Super Daisy was my guinea pig book. I marketed, I changed covers. I sent it to reviewers. I made it free. I did all the scary things self-published authors have to learn to do. I did absolutely everything wrong. But I did it bravely!
In fact, in an Old Faithful-level gush of confidence, I even took Daisy to Hollywood and pitched her to a producer, and he bit. (I’ll tell that story another day. It’s a good one!) Daisy taught me a lot.
Fast forward a few years. Things have shifted. The standard for self-pubbed books has gone up a whole lot. I still love Daisy. I can see all her many, many flaws. I know her story is a big, fat mess, and I take her down from publication. I think about keeping her hidden, since she’s such a disaster. It’s that whole “an artist’s early work” thing.
But I love her. I want people to know her. She has a little warm spot in my heart, even though her story is only a quirky, silly bit of cotton candy fluff. I dream that she can have a broader audience.
Then, when my dear friend LeAnn died last August, I mourned. Over and again she had told me this was her favorite book of mine, despite it’s dumbness. She just loved Daisy for all her crazy quips.

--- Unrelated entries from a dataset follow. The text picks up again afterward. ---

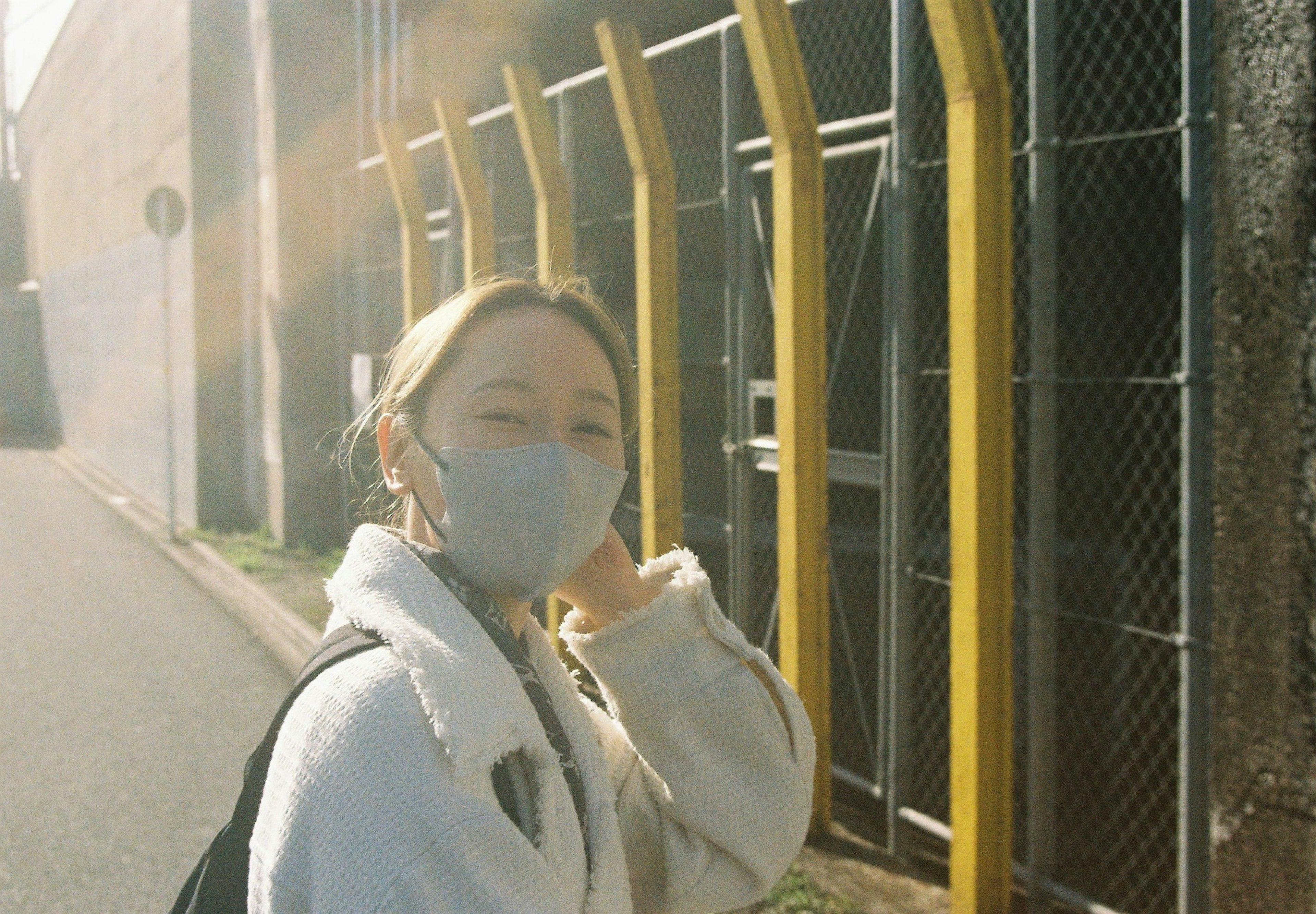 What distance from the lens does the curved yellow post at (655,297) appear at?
5.31 meters

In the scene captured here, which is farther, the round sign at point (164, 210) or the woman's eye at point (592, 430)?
the round sign at point (164, 210)

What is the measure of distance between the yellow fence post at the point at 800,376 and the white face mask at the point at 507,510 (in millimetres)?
3023

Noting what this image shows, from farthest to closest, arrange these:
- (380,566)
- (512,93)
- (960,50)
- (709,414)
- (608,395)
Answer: (709,414)
(512,93)
(960,50)
(608,395)
(380,566)

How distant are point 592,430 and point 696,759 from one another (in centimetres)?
46

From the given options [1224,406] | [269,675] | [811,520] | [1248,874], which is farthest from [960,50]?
[269,675]

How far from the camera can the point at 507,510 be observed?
171cm

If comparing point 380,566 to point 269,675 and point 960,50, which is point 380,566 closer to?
point 960,50

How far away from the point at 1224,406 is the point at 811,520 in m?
1.63

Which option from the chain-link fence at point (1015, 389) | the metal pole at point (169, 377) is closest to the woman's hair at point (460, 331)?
the chain-link fence at point (1015, 389)

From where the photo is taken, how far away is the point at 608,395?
1.80m

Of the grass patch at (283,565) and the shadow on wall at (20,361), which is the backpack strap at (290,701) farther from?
the shadow on wall at (20,361)

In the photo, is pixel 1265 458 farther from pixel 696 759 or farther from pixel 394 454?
pixel 394 454

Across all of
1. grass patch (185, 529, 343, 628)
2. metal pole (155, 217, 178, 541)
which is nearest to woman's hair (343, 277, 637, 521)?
grass patch (185, 529, 343, 628)

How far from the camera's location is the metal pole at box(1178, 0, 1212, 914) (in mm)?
3629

Because of that, I wanted Daisy to come back. For me, and for LeAnn, and for the readers who had found her quirks endearing.

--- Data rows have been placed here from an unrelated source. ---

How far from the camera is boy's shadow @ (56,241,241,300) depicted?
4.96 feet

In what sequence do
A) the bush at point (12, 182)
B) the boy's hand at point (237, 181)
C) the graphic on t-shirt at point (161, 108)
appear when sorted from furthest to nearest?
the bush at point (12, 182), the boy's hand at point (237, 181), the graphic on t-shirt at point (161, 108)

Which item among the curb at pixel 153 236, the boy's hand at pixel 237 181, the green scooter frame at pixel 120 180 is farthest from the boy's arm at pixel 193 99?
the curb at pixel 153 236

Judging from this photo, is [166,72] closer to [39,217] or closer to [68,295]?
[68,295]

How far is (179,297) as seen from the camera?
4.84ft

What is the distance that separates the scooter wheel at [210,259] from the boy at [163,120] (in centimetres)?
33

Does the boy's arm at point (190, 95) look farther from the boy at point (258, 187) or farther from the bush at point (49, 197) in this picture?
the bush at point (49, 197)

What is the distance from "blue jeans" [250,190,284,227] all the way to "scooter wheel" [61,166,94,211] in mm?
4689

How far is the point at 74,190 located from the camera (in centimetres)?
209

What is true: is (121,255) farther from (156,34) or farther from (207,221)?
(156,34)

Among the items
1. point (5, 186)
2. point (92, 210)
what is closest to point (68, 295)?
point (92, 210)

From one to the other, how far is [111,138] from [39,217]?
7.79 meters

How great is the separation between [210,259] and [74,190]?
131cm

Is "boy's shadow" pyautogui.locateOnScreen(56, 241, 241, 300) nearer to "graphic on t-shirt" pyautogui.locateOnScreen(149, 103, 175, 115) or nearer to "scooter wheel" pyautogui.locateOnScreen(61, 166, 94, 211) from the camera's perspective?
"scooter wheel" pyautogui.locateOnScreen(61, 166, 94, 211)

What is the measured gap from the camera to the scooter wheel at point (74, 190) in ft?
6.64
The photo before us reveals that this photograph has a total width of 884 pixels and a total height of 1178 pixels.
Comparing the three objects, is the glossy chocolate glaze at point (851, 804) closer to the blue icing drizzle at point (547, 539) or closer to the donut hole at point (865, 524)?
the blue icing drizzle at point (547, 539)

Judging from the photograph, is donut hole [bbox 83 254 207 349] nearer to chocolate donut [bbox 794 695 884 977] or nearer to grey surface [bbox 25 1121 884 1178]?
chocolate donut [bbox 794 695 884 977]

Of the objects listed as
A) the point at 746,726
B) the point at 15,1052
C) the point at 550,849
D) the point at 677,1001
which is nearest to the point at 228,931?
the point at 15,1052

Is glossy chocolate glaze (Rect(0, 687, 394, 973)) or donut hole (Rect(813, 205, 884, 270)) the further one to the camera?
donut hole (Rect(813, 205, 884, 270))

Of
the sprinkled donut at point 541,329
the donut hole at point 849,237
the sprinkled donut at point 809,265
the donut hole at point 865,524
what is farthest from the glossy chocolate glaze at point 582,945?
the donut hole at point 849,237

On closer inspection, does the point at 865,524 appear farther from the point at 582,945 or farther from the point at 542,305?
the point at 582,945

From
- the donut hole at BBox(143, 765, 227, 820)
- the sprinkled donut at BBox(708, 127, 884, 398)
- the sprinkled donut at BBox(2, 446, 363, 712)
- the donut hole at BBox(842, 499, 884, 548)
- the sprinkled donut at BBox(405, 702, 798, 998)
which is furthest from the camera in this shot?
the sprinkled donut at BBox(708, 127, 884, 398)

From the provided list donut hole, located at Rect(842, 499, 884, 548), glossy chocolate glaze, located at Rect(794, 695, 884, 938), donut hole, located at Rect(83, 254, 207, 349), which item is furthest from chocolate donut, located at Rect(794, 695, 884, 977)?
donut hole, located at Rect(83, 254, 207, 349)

Then it hit me. *I could fix it! I could turn Daisy into the teenager she already acts like and it could be the YA novel it was always meant to be at its core!*
So I did. And this week, it became reality. I rewrote it, making her a somewhat broken female superhero, age 17. I edited the crazy out of it. And my awesome friend Dillon McGaughey created a cover that makes me get a little misty-eyed. Doesn’t she just look like an Idaho farm girl sitting on her parents’ house stairs in her slipping tiara?
Lessons learned. I still love Daisy. I know the story still isn’t the most perfect thing. It’s not compelling like The Hunger Games or deep like All the Truth that’s in Me, or addictively despair-inducing like 13 Reasons Why, but I also know that at least a dozen people have told me that they identify with Daisy, that she makes them happy.
I like happy. I like light. I like sweet and fun. It’s candy for your brain and soul.
Daisy makes me happy, too. She makes me happier now that I’ve given her a little better love. I am so glad I was able to make amends for her. She’s still the star of a quick story, with zippy and wacky super powers coming and going and wrecking Daisy’s shot at EVER winning Cliff Calloway’s heart.